The nonest.basis method for class 'svd' is not really functional as a method because there is no "svd" class (at least in R <= 4.2.0). But the function nonest.basis.svd is exported and may be called directly; it works with results of svd or La.svd. We require x$v to be the complete matrix of right singular values; but we do not need x$u at all.

The default method does serve as an svd method, in that it only works if x has the required elements of an SVD result, in which case it passes it to nonest.basis.svd. The matrix method runs nonest.basis.svd(svd(x, nu = 0)). The lm method runs the qr method on x$qr.

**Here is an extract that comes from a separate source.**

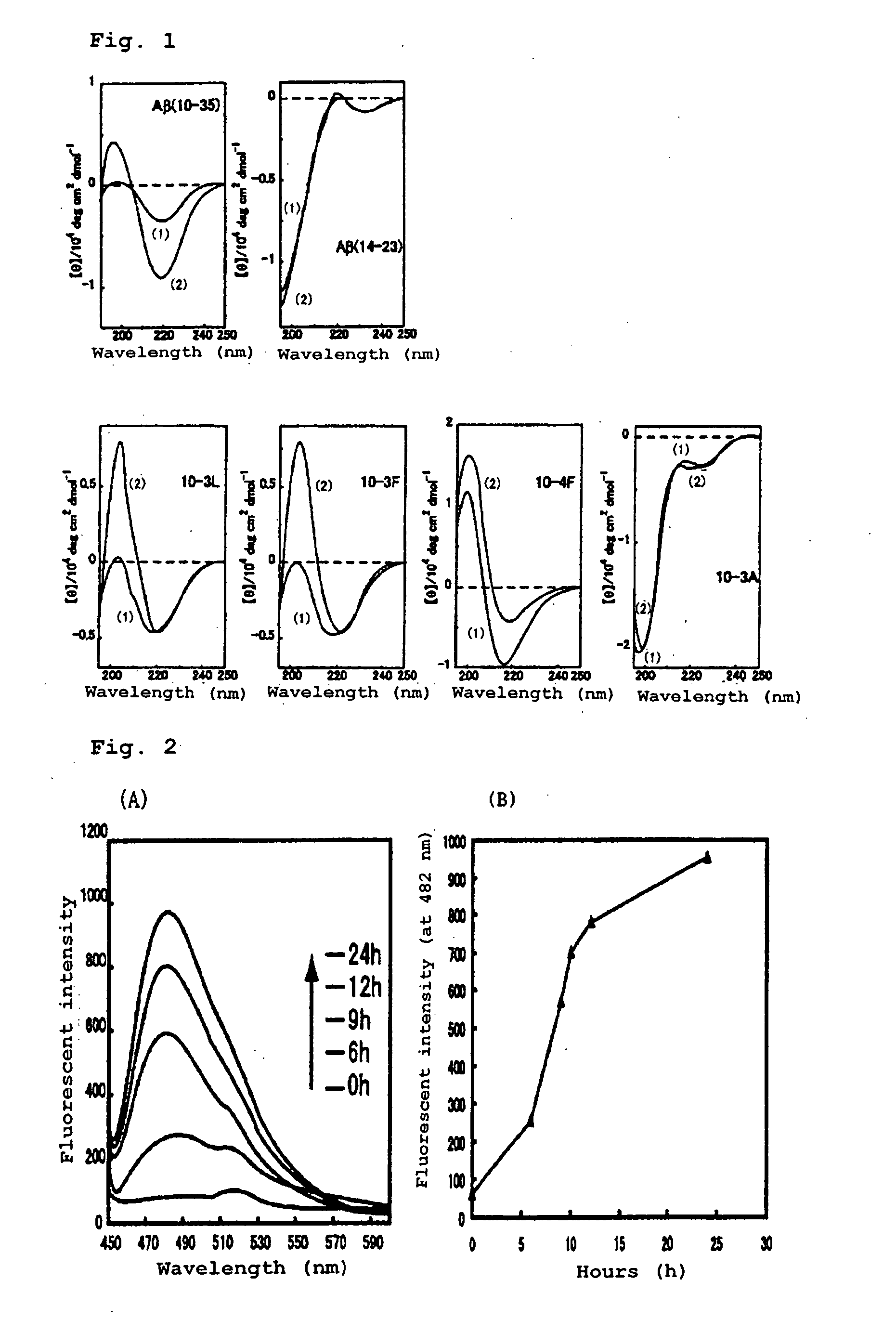 Reagent for amplifying amyloid fibrosis of amyloid ss-protein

The function legacy.nonest.basis is the original default method in early versions of the estimability package. It may be called with x being either a matrix or a qr object, and after obtaining the R matrix, it uses an additional QR decomposition of t(R) to obtain the needed basis. (The current nonest.basis method for qr objects is instead based on the singular-value decomposition of R, and requires much simpler code.)

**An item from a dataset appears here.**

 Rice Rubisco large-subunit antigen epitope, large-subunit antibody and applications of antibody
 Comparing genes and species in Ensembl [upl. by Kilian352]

The constant all.estble is simply a 1 x 1 matrix of NA. This specifies a trivial non-estimability basis, and using it as nbasis will cause everything to test as estimable.

Value

When $X$ is not full-rank, the methods for nonest.basis return a basis for the null space of $X$. The number of rows is equal to the number of regression coefficients (including any NAs); and the number of columns is equal to the rank deficiency of the model matrix. The columns are orthonormal. If the model is full-rank, then nonest.basis returns all.estble. The matrix method uses $X$ itself, the qr method uses the $QR$ decomposition of $X$, and the lm method recovers the required information from the object.

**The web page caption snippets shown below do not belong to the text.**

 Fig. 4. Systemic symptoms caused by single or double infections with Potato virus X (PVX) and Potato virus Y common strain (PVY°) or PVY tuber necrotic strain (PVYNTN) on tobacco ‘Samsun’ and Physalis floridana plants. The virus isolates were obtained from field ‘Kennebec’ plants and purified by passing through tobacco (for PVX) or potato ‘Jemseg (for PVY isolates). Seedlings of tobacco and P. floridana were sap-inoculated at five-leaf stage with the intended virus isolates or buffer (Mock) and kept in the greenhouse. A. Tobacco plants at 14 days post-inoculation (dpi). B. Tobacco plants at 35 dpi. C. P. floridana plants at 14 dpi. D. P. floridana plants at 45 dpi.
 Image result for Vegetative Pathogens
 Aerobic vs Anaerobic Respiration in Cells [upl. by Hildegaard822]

The function is.estble returns a logical value (or vector, if x is a matrix) that is TRUE if the function is estimable and FALSE if not.

References

Monahan, John F. (2008) A Primer on Linear Models, CRC Press. (Chapter 3)

Author

Russell V. Lenth <russell-lenth@uiowa.edu>

Examples

require(estimability)

X <- cbind(rep(1,5), 1:5, 5:1, 2:6)
( nb <- nonest.basis(X) )
#>            [,1]        [,2]
#> [1,]  0.4171348 -0.89010713
#> [2,] -0.7077494 -0.26855996
#> [3,] -0.1606977  0.08879245
#> [4,]  0.5470517  0.35735241

SVD <- svd(X, nu = 0)    # we don't need the U part of UDV'
nonest.basis.svd(SVD)    # same result as above
#>            [,1]        [,2]
#> [1,]  0.4171348 -0.89010713
#> [2,] -0.7077494 -0.26855996
#> [3,] -0.1606977  0.08879245
#> [4,]  0.5470517  0.35735241

# Test estimability of some linear functions for this X matrix
lfs <- rbind(c(1,4,2,5), c(2,3,9,5), c(1,2,2,1), c(0,1,-1,1))
is.estble(lfs, nb)
#> [1]  TRUE  TRUE FALSE  TRUE

# Illustration on 'lm' objects:
warp.lm1 <- lm(breaks ~ wool * tension, data = warpbreaks, 
    subset = -(26:38), 
    contrasts = list(wool = "contr.treatment", tension = "contr.treatment"))
zapsmall(warp.nb1 <- nonest.basis(warp.lm1))
#>            [,1]
#> [1,]  0.0000000
#> [2,] -0.5773503
#> [3,]  0.0000000
#> [4,]  0.0000000
#> [5,]  0.5773503
#> [6,]  0.5773503

warp.lm2 <- update(warp.lm1, 
    contrasts = list(wool = "contr.sum", tension = "contr.helmert"))
zapsmall(warp.nb2 <- nonest.basis(warp.lm2))
#>            [,1]
#> [1,] -0.3779645
#> [2,]  0.3779645
#> [3,]  0.5669467
#> [4,]  0.1889822
#> [5,] -0.5669467
#> [6,] -0.1889822

# These bases look different, but they both correctly identify the empty cell
wcells = with(warpbreaks, expand.grid(wool = levels(wool), tension = levels(tension)))
epredict(warp.lm1, newdata = wcells, nbasis = warp.nb1)
#>        1        2        3        4        5        6 
#> 44.55556       NA 24.00000 27.28571 25.71429 18.77778 
epredict(warp.lm2, newdata = wcells, nbasis = warp.nb2)
#>        1        2        3        4        5        6 
#> 44.55556       NA 24.00000 27.28571 25.71429 18.77778